Le bollette del gas stanno per tornare a fare paura.

Con le tensioni geopolitiche che stanno scuotendo i mercati energetici internazionali, i prezzi all’ingrosso del gas sono tornati a salire in modo preoccupante, riportando alla memoria i brutti ricordi della crisi del 2022. Molte famiglie italiane rischiano di ritrovarsi con bollette molto più alte nei prossimi mesi senza nemmeno rendersene conto.

Il problema è che gli aumenti non arrivano subito: si manifestano con settimane di ritardo sulla fatturazione. Per questo è fondamentale agire adesso, prima che sia troppo tardi. Ecco cosa fare concretamente.

Il pericolo nascosto nelle tariffe variabili

Il primo passo da compiere è verificare immediatamente che tipo di contratto si ha con il proprio fornitore di energia. Molti consumatori italiani hanno sottoscritto negli anni scorsi tariffe a prezzo variabile o indicizzato, convinti di poter sfruttare i momenti in cui il mercato scende.

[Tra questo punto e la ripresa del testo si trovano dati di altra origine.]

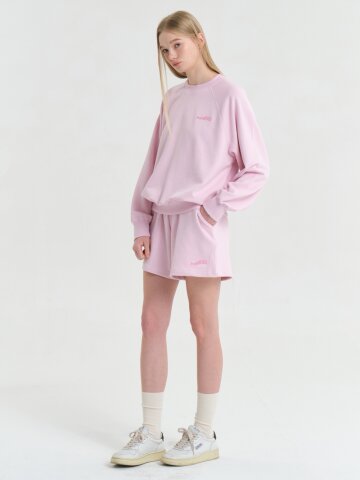 Wave Logo Zurry Half Pants Pink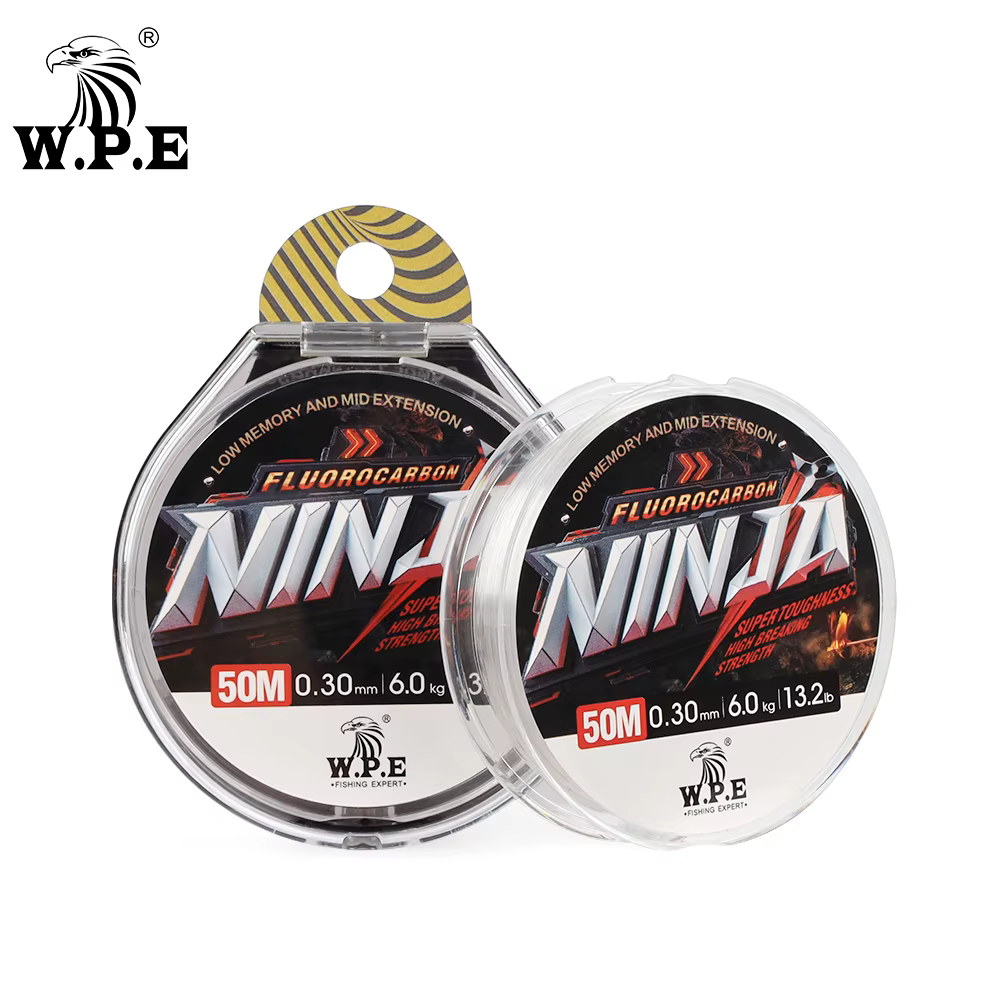 Fluorocarbono W.P.E 0.14-0.40mm para Carpa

Questi contratti agganciamo il costo della materia prima a indici come il PSV, il Punto di Scambio Virtuale, che rispecchia l’andamento dei prezzi all’ingrosso del gas in Italia. Nelle ultime settimane questo indice ha subito un’impennata significativa, quasi raddoppiando rispetto ai valori di febbraio.

Una persona che firma un contratto
Il pericolo nascosto nelle tariffe variabili – designmag.it

Chi ha un contratto indicizzato si troverà questa impennata direttamente in bolletta entro quattro-sei settimane, perché i prezzi mensili vengono consolidati solo a inizio mese successivo e poi applicati nei cicli di fatturazione.

Il problema tocca anche la bolletta della luce: in Italia circa il 40% dell’energia elettrica viene prodotta da centrali a metano, quindi un aumento del gas si ripercuote inevitabilmente anche sui costi dell’elettricità. Chi ha entrambe le utenze a prezzo variabile è dunque doppiamente esposto al rischio di bollette fuori controllo nei prossimi mesi.

Come proteggersi subito: tariffe fisse e buone abitudini

La soluzione più efficace e immediata per difendersi dagli aumenti è passare a una tariffa a prezzo fisso, che consente di bloccare il costo dell’energia per 12 o 24 mesi indipendentemente da ciò che accade sui mercati internazionali. Il momento giusto per farlo è adesso: molte offerte a prezzo fisso riflettono ancora condizioni precedenti agli ultimi rialzi, ma questa finestra favorevole si sta chiudendo rapidamente.

Aspettare significa rischiare di trovare sul mercato solo tariffe già aggiornate al rialzo, esattamente come accadde nel 2022 quando i fornitori aumentarono i prezzi dei contratti fissi lasciando i consumatori senza alternative vantaggiose. Oltre al cambio di tariffa, è possibile intervenire anche sulle proprie abitudini domestiche per ridurre i consumi.

Controllare che porte e finestre non abbiano spifferi, installare un termostato programmabile, abbassare anche solo di un grado la temperatura del riscaldamento e soprattutto fare la manutenzione annuale della caldaia sono tutte azioni concrete che incidono sulla bolletta finale.

Una caldaia non revisionata può consumare fino al 10% di gas in più a parità di calore prodotto: un dato che vale la pena tenere sempre a mente.